Some single nucleotide polymorphisms (SNPs) can affect coding sequence, and lead to disease-causing changes in proteins. However, the majority of the associated markers point to non-coding regions of the genome. We use a wide range of methods to identify molecular interactions within the genome, including DNA sequencing and genotyping, RNA sequencing, protein expression studies, DNA-protein interaction analysis, cell culture, and epigenetic studies.
The first wave of genome-wide association studies has yielded several candidate areas of interest within the genome. My laboratory is conducting follow-up studies on findings from several GWAS including breast, prostate, and bladder cancers, as well as outcomes of HCV infection. This work involves additional genetic and functional studies to further understand the mechanisms underlying cancer risk.
My laboratory has analyzed the chromosome 1p11.2 region that includes the breast cancer-associated SNP rs11249433 (Thomas et al., Nature Genetics 2009).
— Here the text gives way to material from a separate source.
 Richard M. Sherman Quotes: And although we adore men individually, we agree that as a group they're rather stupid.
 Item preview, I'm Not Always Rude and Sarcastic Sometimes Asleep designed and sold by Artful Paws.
Through our studies on mRNA expression, we found that the rs11249433 genotype is associated with expression of the NOTCH2 gene, and that this association is stronger in estrogen receptor (ER) positive tumors compared with ER negative tumors (Fu et al., Molecular Cancer 2010).
My laboratory is also performing genetic and functional analysis of associations within the JAZF1 gene and prostate cancer risk (Thomas et al., Nature Genetics 2008). My lab has re-sequenced the region around a prostate cancer-associated SNP, identified all genetic variants in high linkage disequilibrium, and performed further genotyping and association studies. Through a grant from the Center of Excellence in Integrative Cancer Biology and Genomics (CEICBG, in collaboration with Drs. Natasha Caplen and Stefan Ambs, CCR/NCI), we are combining studies of mRNA expression, siRNA, and pathways analysis to better understand the function of JAZF1.
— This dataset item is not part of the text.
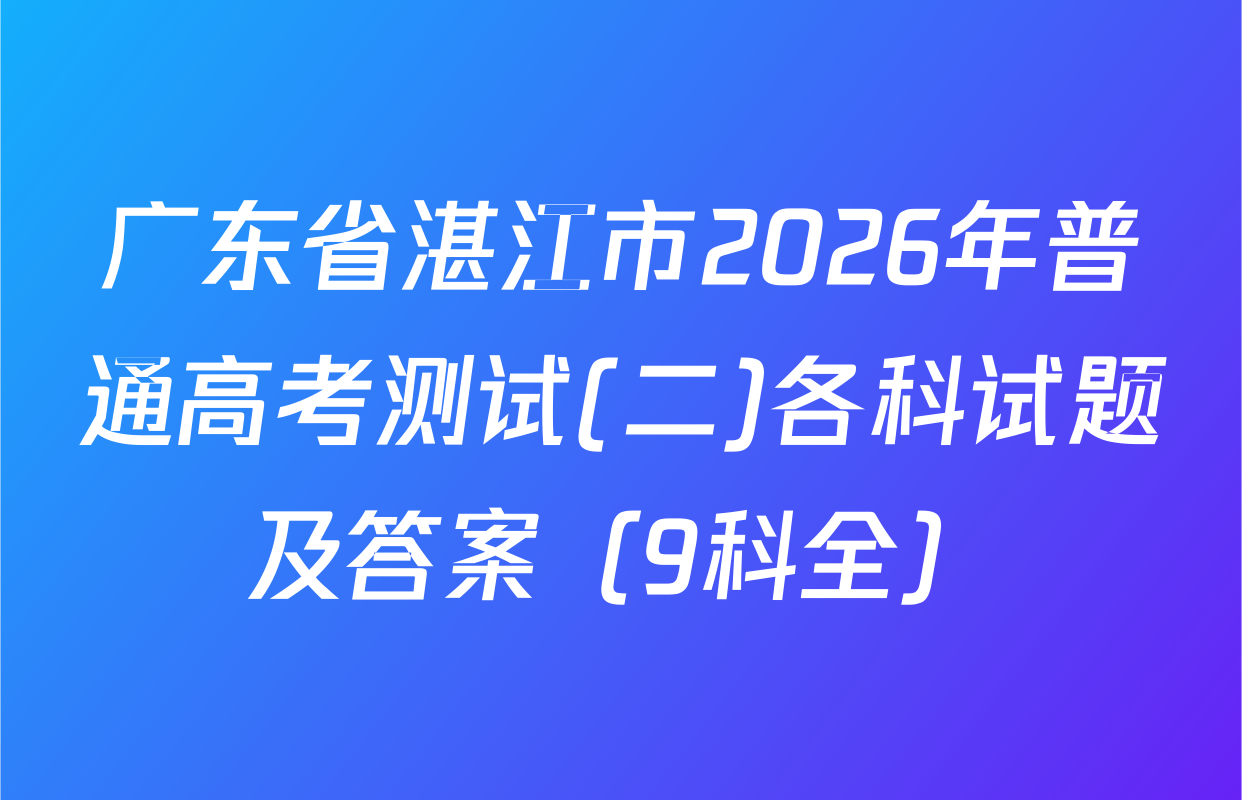 广东省湛江市2026年普通高考测试(二)各科试题及答案（9科全）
Efforts are underway to follow-up on several novel candidate regions identified by bladder cancer GWAS (Rothman et al., Nature Genetics 2010). These regions include the UGT1A region, PSCA, and CCNE1 genes. My laboratory is using the combined approaches of sequencing, imputation, genotyping, mRNA and protein expression studies to identify relevant functional mechanisms associated with genetic variants within these regions.
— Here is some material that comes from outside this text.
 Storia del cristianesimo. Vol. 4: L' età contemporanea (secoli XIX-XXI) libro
Persistent infection with hepatitis C virus (HCV) is a primary etiological factor for the development of chronic liver disease, including cirrhosis of the liver and cancer. A recent study identified occludin (OCLN), an integral tight junction protein, as one of the key factors for HCV entry into cells (Ploss et al., Nature 2009). Through further investigation of the OCLN gene in human liver samples, we found that splicing diversity of the OCLN gene may be associated with permissiveness or resistance to HCV infection (Kohaar et al., JVI 2010). Additional work will identify genetic variants within OCLN that may contribute to susceptibility to HCV infection.
The current therapy for chronic HCV infection includes treatment with ribovirin. Recent GWAS have identified an association between several SNPs from the IL28B region and patient response to this treatment and natural clearance of HCV infection. We continue to explore the molecular mechanisms of this association in collaboration with Drs. Thomas O’Brien (DCEG), Barbara Rehermann (NIDDK) and Raymond Donnelly (FDA).